For (parts of) the Dutch agricultural landscape: develop proofs-of-concepts for how regenerative production can be achieved within one generation.

  • Bio-physical flows
    • What mix of land-based and land-less (stables, greenhouse) production systems fits best within global, environmental limitations?
    • What type of production can best be done at what location?
    • How much output can be achieved in a net-positive system?
  • Economic transformation model
    • Farming business models include differentiation, revenues for ecosystem services and minimised inputs.
    • Implications for agrifood value chain players (for example: local processing).
    • Implications for taxes, subsidies, regulation.
  • Social innovation model
    • How to enable transition of a majority of farmers towards net-positive production?
  • Consumer engagement with Dutch agricultural landscape
    • How to engage with consumers to promote choices that drive net-positive
    • Production and restoration of Dutch agricultural landscape?

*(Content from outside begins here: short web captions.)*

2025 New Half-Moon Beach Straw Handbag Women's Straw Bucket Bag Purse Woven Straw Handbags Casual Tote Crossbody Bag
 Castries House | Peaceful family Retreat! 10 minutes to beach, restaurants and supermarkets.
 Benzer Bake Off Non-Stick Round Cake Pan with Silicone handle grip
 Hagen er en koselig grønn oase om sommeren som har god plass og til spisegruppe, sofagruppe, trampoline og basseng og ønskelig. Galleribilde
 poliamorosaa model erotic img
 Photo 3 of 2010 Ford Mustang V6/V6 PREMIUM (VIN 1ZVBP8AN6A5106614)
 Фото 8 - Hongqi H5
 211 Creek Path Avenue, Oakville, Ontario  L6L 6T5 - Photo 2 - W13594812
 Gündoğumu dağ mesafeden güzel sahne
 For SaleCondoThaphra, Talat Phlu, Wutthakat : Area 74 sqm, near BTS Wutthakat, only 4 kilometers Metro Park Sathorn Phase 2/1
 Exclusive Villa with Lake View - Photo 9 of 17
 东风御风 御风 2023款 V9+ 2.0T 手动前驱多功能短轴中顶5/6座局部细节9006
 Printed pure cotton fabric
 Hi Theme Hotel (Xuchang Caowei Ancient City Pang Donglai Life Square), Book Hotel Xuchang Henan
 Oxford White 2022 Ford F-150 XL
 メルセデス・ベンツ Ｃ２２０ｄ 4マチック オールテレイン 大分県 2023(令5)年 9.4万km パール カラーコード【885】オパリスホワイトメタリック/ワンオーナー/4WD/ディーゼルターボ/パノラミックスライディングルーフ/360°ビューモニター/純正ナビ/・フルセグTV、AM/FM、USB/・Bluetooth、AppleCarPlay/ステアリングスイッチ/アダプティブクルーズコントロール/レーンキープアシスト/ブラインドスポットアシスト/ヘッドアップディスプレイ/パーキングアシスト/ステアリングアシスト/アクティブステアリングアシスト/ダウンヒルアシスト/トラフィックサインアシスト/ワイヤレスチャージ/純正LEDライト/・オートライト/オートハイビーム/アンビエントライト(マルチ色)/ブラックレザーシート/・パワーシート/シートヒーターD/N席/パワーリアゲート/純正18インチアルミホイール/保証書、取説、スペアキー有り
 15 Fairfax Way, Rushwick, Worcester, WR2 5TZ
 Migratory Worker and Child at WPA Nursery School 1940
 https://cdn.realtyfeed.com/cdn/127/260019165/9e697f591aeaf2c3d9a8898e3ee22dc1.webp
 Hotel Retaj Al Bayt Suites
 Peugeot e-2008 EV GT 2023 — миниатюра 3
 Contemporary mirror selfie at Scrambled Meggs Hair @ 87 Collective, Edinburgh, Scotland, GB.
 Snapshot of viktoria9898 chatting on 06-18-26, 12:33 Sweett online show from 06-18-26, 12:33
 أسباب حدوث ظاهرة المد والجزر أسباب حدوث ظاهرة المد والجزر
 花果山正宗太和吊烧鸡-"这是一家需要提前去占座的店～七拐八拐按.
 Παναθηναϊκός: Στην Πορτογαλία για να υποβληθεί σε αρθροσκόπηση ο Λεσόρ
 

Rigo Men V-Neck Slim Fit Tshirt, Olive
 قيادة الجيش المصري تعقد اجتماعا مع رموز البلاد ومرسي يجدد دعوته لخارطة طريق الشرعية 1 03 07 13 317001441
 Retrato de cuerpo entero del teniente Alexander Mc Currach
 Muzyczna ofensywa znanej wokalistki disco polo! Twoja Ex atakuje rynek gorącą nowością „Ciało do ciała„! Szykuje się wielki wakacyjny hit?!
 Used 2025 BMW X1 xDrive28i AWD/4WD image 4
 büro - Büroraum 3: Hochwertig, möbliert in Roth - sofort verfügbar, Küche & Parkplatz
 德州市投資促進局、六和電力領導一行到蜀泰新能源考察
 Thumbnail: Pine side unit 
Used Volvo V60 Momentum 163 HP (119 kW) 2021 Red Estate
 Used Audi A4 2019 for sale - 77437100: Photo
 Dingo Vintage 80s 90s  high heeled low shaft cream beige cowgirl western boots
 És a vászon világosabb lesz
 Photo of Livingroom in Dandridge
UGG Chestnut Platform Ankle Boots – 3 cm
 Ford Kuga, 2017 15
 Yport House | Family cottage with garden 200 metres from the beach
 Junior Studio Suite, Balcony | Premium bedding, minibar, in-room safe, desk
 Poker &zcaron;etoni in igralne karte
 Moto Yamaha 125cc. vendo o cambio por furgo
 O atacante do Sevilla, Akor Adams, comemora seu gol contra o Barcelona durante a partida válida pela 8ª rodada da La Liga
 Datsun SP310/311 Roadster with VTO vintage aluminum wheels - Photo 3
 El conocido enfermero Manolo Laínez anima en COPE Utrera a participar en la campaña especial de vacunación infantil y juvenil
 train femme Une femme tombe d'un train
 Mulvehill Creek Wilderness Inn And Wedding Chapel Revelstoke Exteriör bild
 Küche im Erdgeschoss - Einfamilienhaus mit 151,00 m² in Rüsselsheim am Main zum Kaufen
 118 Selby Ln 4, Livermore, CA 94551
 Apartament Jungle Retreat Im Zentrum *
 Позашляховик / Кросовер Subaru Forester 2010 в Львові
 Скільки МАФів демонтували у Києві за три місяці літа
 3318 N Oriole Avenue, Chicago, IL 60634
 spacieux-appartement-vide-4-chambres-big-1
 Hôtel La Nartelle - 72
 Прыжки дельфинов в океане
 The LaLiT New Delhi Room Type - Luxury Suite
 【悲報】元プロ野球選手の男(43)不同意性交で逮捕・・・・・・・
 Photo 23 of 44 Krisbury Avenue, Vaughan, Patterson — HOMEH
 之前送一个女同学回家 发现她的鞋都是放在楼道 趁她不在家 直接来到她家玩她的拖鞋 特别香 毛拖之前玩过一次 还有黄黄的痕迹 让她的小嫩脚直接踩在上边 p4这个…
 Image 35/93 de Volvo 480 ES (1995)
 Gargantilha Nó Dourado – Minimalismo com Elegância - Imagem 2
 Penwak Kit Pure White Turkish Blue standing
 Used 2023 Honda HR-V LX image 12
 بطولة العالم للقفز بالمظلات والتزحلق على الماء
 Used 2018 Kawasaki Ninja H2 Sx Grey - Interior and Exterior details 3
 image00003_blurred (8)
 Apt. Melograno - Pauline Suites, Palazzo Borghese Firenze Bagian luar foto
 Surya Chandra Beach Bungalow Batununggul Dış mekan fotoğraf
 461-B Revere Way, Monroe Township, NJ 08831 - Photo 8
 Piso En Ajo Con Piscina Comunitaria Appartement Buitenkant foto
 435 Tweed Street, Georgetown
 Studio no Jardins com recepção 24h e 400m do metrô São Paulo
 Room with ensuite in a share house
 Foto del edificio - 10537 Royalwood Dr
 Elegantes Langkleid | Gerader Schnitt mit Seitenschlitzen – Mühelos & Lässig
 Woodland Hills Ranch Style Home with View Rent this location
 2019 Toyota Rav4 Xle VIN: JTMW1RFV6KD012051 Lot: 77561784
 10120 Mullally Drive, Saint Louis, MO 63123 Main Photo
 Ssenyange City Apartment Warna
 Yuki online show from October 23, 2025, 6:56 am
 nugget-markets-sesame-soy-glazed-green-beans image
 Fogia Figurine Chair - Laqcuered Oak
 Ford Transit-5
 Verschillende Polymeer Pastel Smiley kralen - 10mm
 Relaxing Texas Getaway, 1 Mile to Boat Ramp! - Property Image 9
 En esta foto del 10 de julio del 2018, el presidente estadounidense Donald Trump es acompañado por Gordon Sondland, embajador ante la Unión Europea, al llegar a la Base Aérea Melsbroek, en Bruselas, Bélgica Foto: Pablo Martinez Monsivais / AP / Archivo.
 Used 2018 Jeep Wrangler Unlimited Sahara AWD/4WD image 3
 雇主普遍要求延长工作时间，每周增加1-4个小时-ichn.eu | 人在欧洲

Redesigning food production for minimal waste and footprint is the goal of Mild processing and optimal use of biomass. The programme is identifying how best to valorise existing biomass, long term, through enzyme technology, fermentation and other mild-processing approaches.

Research scope

  • Identify long-term potential to improve valorisation of existing biomass through mild processing (e.g. enzyme technology, fermentation).
    • Functionality from food; less waste.
    • More protein available for human consumption; potentially substituting animal for plant proteins.
    • More biomass available for biomaterials.
    • Use of alternative sources (algae, insects).
  • Identify pathways and requirements to deliver the identified potential.
    • Mild-processing technologies.
    • Substituting conventional assets with mild-processing technologies.
    • Plant breeding to enable improved biorefinery and valorisation of biomass.
    • Implications for value chain beyond processing.

How to prevent food waste in food processing, at point of sale and by the consumer is the key issue in Minimize food waste. The programme aims to identify the long-term potential of waste-prevention solutions, and to develop proof-of-concepts and business models for the most promising solutions.

Research scope

  • Identify long-term potential of waste-prevention technologies and develop proofs-of- concept for most-promising technologies.
  • Processing to extend shelf-life.
  • Fermentation for ‘recycling’ of unsold products and by-products into foods.
  • Packaging.
  • Develop proofs-of-concept for feedstock flexibility in food processing and related B2B acceptance of side streams.
  • Develop proofs-of-concept and business cases for logistics-optimisation solutions.
  • Collection and distribution of side streams and overripe products.
  • Optimised, purchasing algorithms for retail and food services.
  • Social-innovation model: how to enable consumers to avoid food waste as much as possible and accept less-standardised food products?

What is health? How do we define sustainability? Integrated measurement and modelling combines existing methodologies and datasets to create a holistic methodology for measuring performance, and to set improvement targets for sustainable production and healthier and more-sustainable diets.

Research scope

  • Combine existing methodologies and datasets into a holistic methodology to measure performance and set improvement targets for:
    • Sustainable production.
    • Reducing the gap between existing diets and diets optimised for health and sustainability.
  • Develop models to apply this holistic methodology.
    • To production areas (across all relevant agricultural sectors in that area).
    • To supply chains (across a number of different sourcing markets).
    • To consumer markets (across all major food categories in that market).
  • Methodology development.
  • Applying big-data analysis, together with complexity science, to formulate cross-domain models based on correlational, structural networks at different scales.